Activity -> For this exercise, copy out each line of the material below that includes "White".
[Provided information]
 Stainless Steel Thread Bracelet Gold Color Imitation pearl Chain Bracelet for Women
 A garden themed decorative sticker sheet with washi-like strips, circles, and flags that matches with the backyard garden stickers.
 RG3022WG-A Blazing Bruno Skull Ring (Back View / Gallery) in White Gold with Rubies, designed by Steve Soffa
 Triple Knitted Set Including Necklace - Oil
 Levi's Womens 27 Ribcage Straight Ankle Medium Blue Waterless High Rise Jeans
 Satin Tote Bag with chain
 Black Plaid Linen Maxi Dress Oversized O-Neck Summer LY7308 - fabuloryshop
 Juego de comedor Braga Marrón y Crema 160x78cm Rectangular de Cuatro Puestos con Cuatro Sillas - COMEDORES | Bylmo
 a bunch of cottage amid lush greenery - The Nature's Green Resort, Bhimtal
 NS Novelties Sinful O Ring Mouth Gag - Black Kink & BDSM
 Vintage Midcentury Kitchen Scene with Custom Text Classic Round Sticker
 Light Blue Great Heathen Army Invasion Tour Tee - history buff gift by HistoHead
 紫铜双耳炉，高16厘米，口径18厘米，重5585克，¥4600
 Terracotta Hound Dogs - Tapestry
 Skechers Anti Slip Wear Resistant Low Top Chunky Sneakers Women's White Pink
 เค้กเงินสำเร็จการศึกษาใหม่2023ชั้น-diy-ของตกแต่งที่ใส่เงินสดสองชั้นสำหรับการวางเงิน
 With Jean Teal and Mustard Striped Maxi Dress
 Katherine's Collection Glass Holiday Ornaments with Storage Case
[/Provided information]
Your response ->
 RG3022WG-A Blazing Bruno Skull Ring (Back View / Gallery) in White Gold with Rubies, designed by Steve Soffa
 Skechers Anti Slip Wear Resistant Low Top Chunky Sneakers Women's White Pink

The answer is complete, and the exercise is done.